Requirement -
Would you quote every entry exactly, dropping only the pictures?

[Given information Boundary: Start]

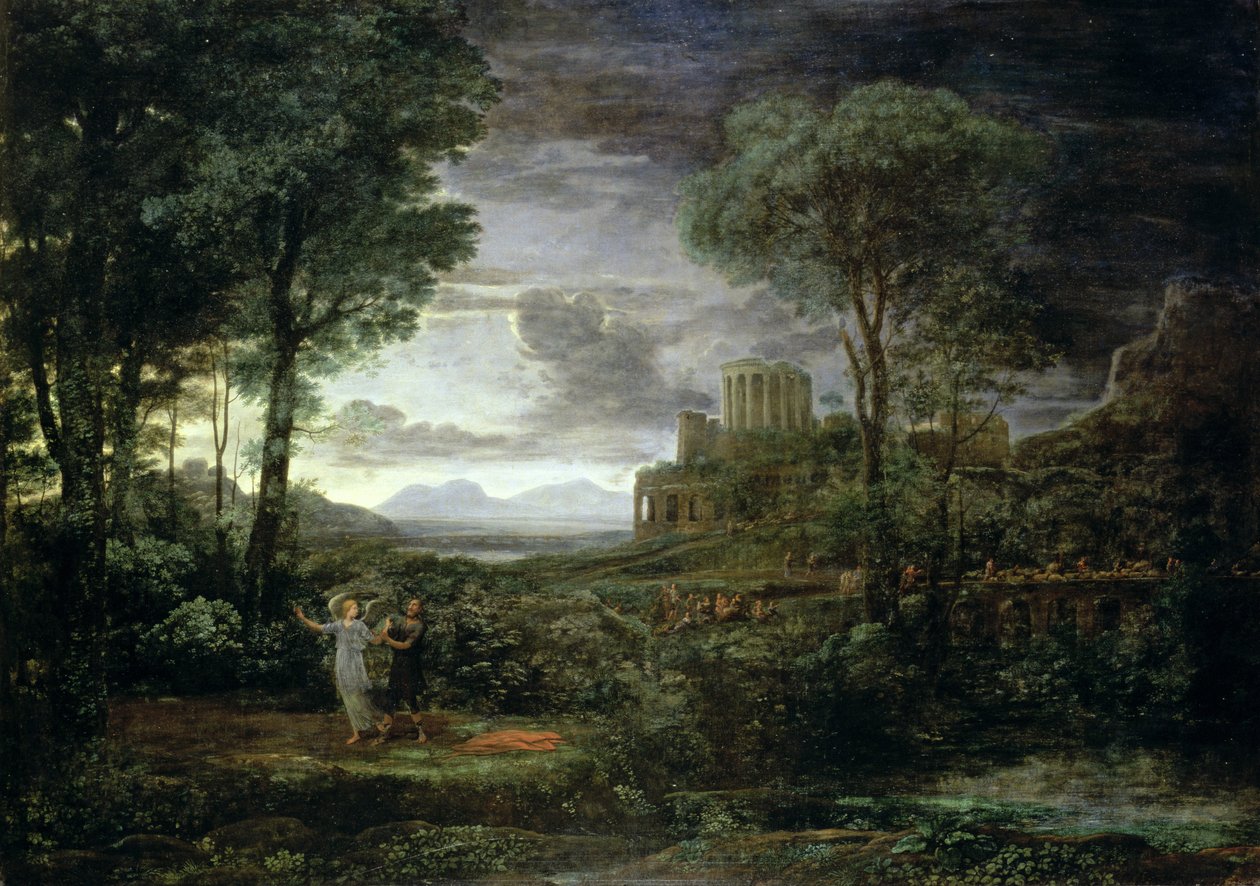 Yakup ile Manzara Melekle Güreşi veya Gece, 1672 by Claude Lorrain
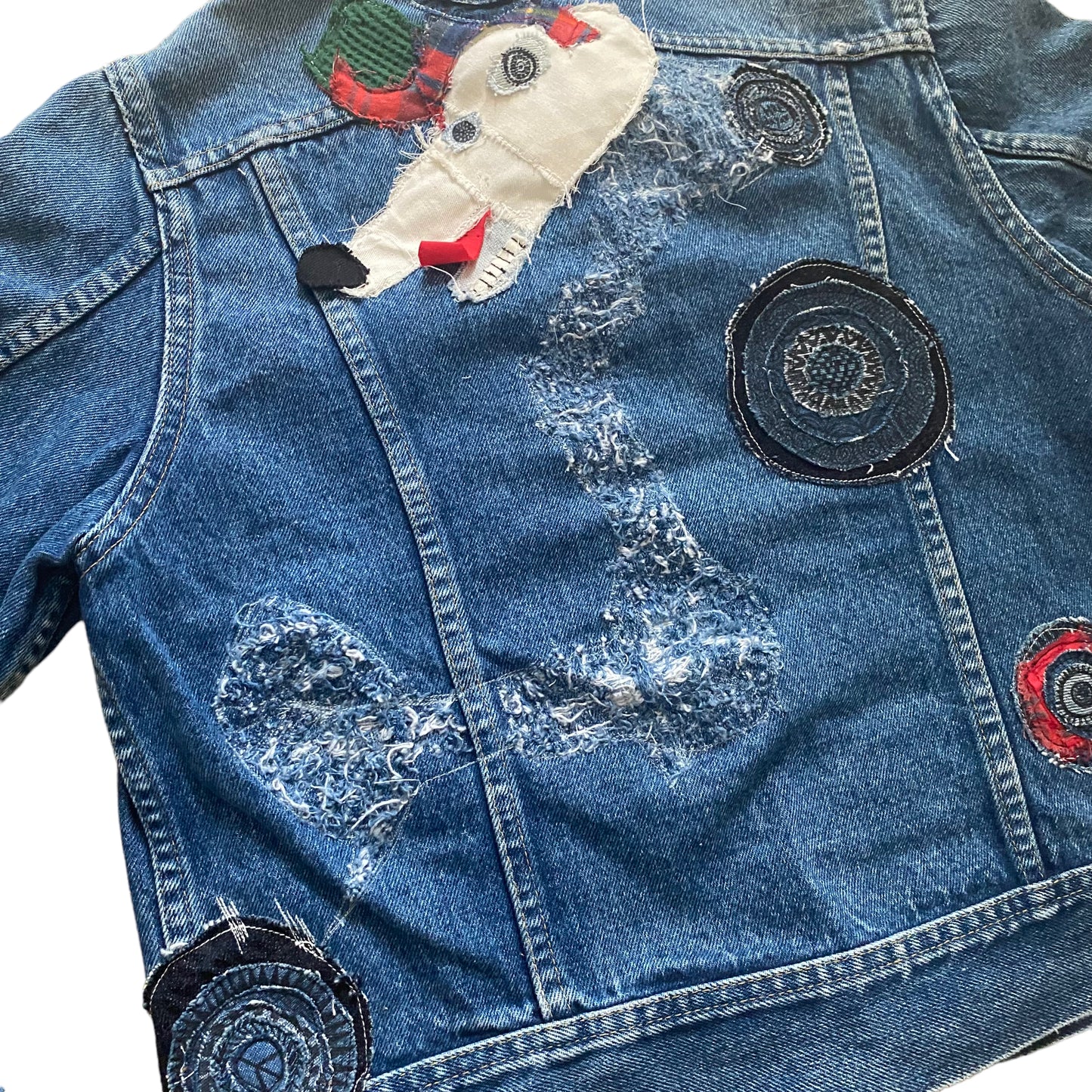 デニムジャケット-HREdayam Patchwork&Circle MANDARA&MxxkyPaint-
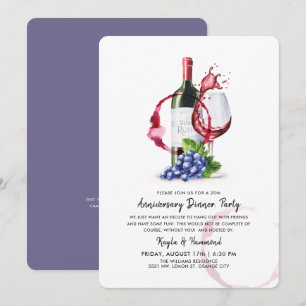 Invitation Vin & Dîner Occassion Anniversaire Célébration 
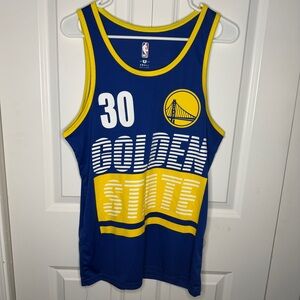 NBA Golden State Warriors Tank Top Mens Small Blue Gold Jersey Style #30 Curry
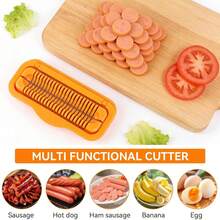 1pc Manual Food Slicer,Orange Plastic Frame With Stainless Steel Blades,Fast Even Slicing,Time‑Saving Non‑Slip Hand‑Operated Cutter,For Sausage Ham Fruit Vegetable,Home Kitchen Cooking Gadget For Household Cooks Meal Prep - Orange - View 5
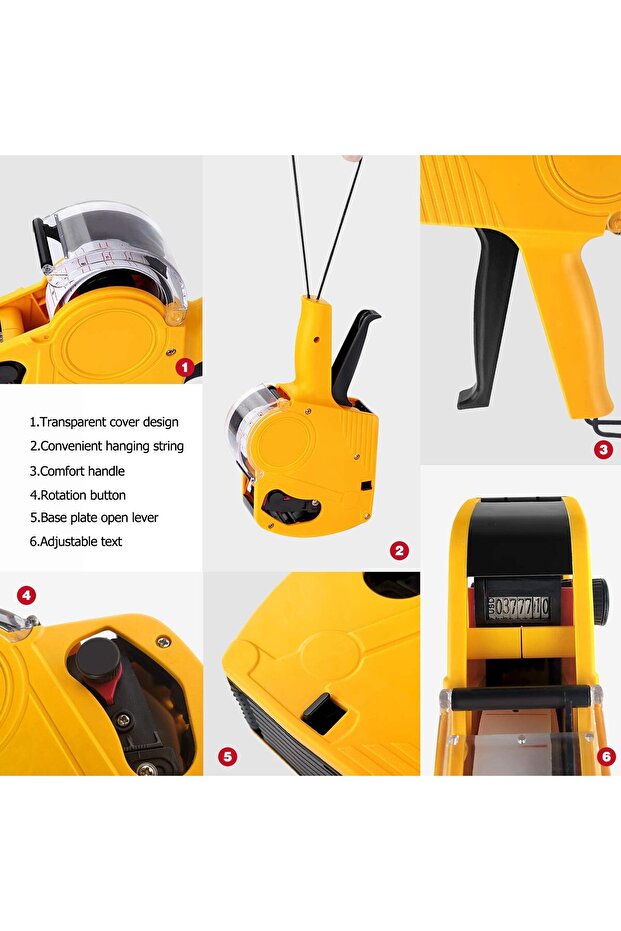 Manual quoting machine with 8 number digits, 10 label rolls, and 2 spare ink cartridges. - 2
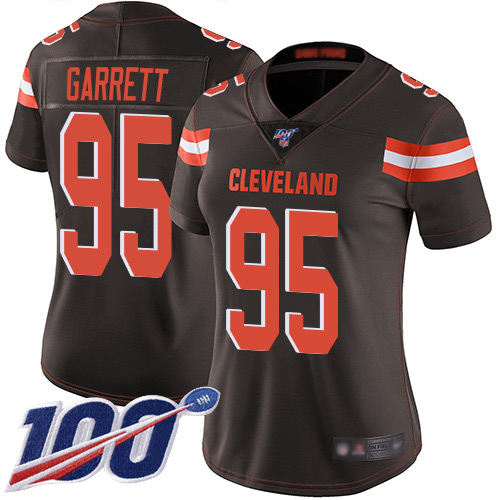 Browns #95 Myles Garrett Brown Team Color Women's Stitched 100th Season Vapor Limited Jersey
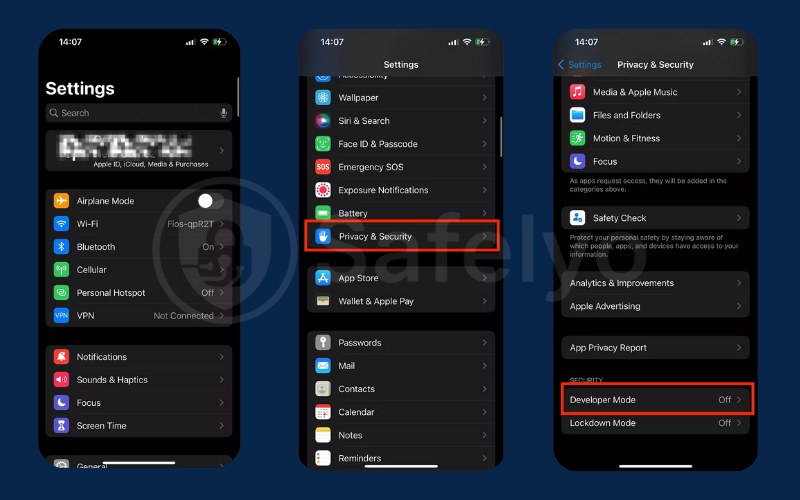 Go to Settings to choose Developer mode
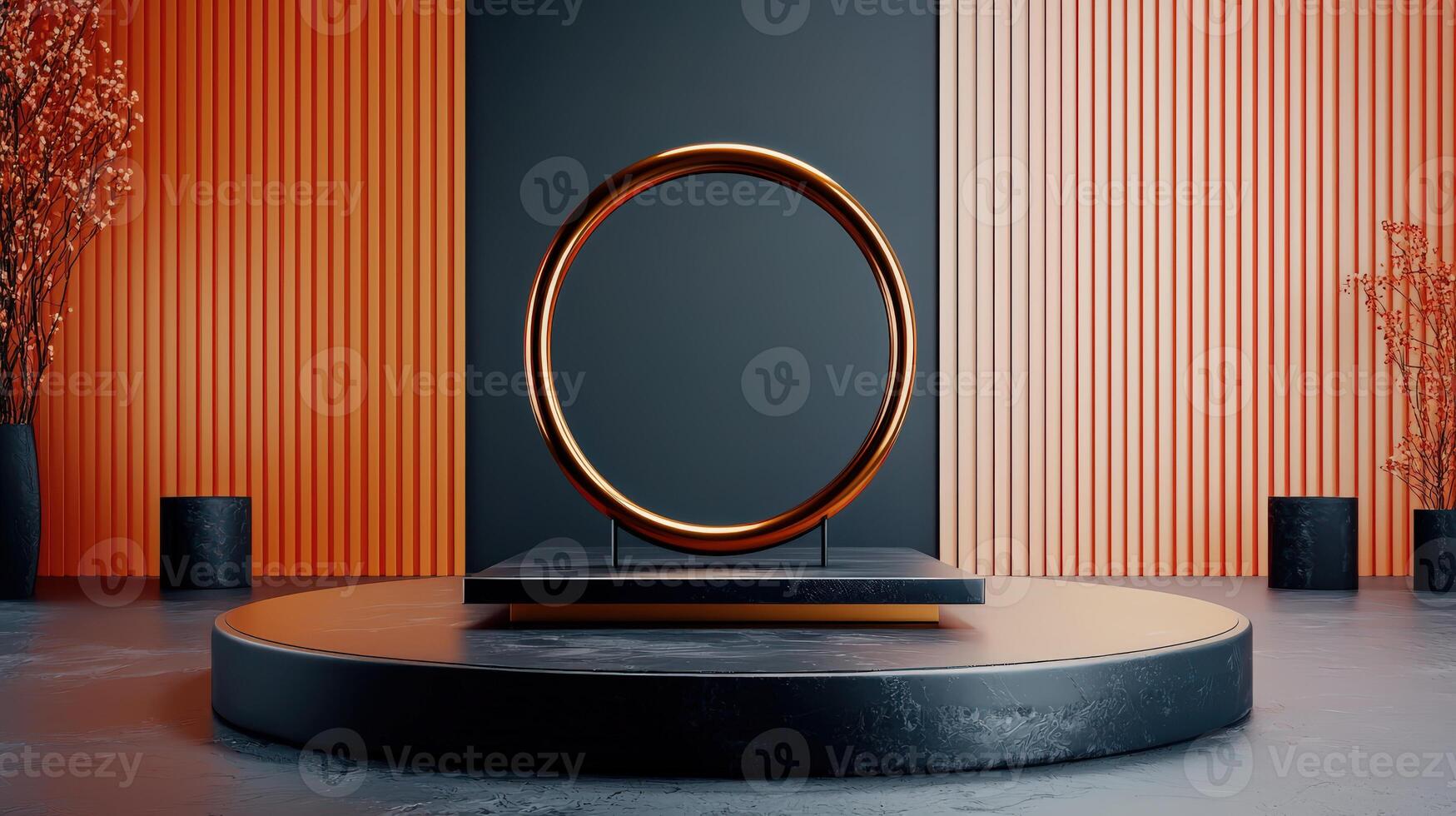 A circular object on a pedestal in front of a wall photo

[Given information Boundary: End]

Response -
 Yakup ile Manzara Melekle Güreşi veya Gece, 1672 by Claude Lorrain
 デニムジャケット-HREdayam Patchwork&Circle MANDARA&MxxkyPaint-
 Invitation Vin & Dîner Occassion Anniversaire Célébration 
 NBA Golden State Warriors Tank Top Mens Small Blue Gold Jersey Style #30 Curry
 1pc Manual Food Slicer,Orange Plastic Frame With Stainless Steel Blades,Fast Even Slicing,Time‑Saving Non‑Slip Hand‑Operated Cutter,For Sausage Ham Fruit Vegetable,Home Kitchen Cooking Gadget For Household Cooks Meal Prep - Orange - View 5
 Manual quoting machine with 8 number digits, 10 label rolls, and 2 spare ink cartridges. - 2
 Browns #95 Myles Garrett Brown Team Color Women's Stitched 100th Season Vapor Limited Jersey
 Go to Settings to choose Developer mode
 A circular object on a pedestal in front of a wall photo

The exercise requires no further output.